- [PROBLEM DESCRIPTION]: Without the pictures, restate all of the data below word for word.

------ DATA FOR THIS EXERCISE ------

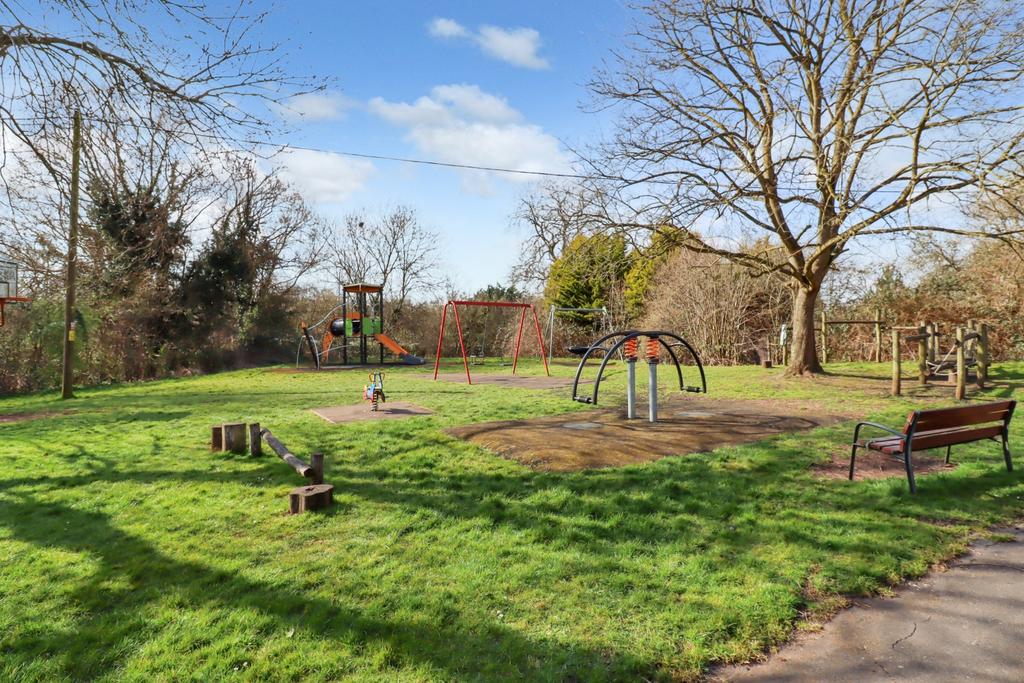 Play-Area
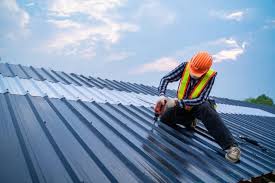 Best Roof Leak Repair  in Martinsburg, WV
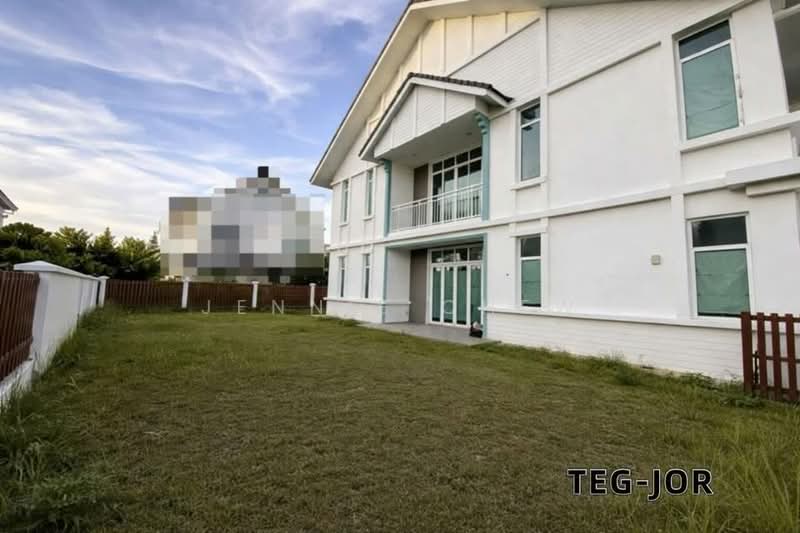Rumah Berkembar untuk Dijual di Setia Eco Park (Setia Alam) - Jennie Chew - PropertyGuru.com.my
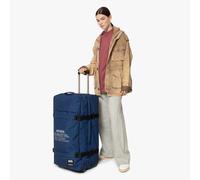 Eastpak Koffer TRANSIT'R L SW STARS NAVY
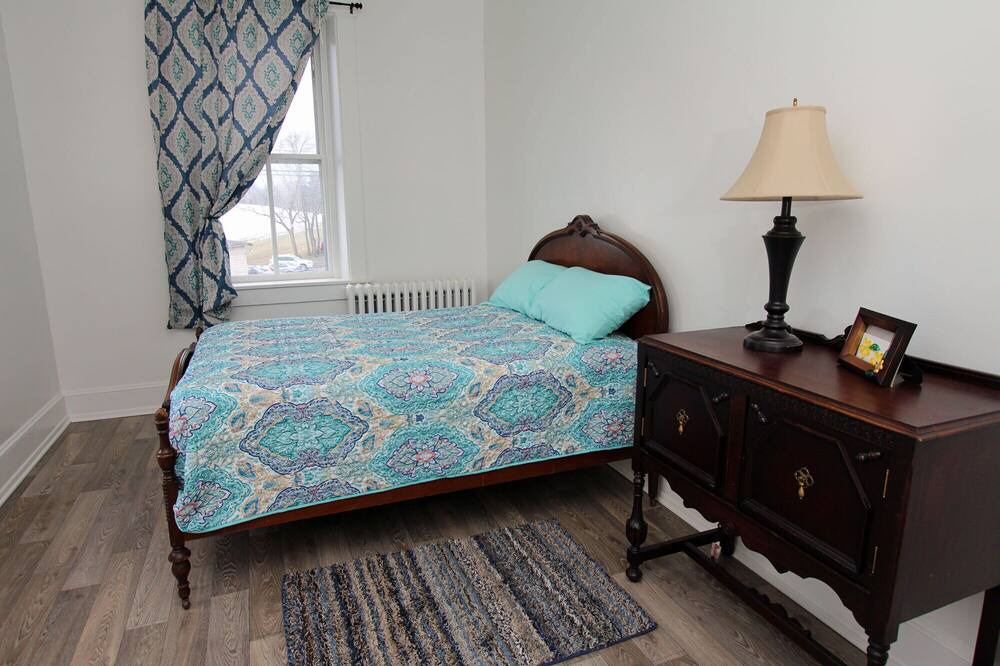 Photo of Bedroom in Refton
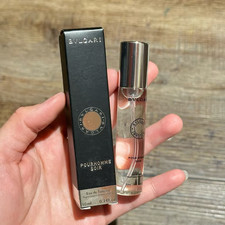 Bvlgari Pour Homme Soir Bvlgari 古龙水- 一款2006年男用香水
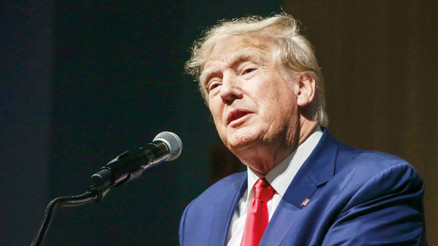 İranlı general: İntikam için Trump’ı öldürmek istiyoruz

------

- [SOLUTION FOR THIS TASK]:
 Play-Area
 Best Roof Leak Repair  in Martinsburg, WV
Rumah Berkembar untuk Dijual di Setia Eco Park (Setia Alam) - Jennie Chew - PropertyGuru.com.my
 Eastpak Koffer TRANSIT'R L SW STARS NAVY
 Photo of Bedroom in Refton
 Bvlgari Pour Homme Soir Bvlgari 古龙水- 一款2006年男用香水
 İranlı general: İntikam için Trump’ı öldürmek istiyoruz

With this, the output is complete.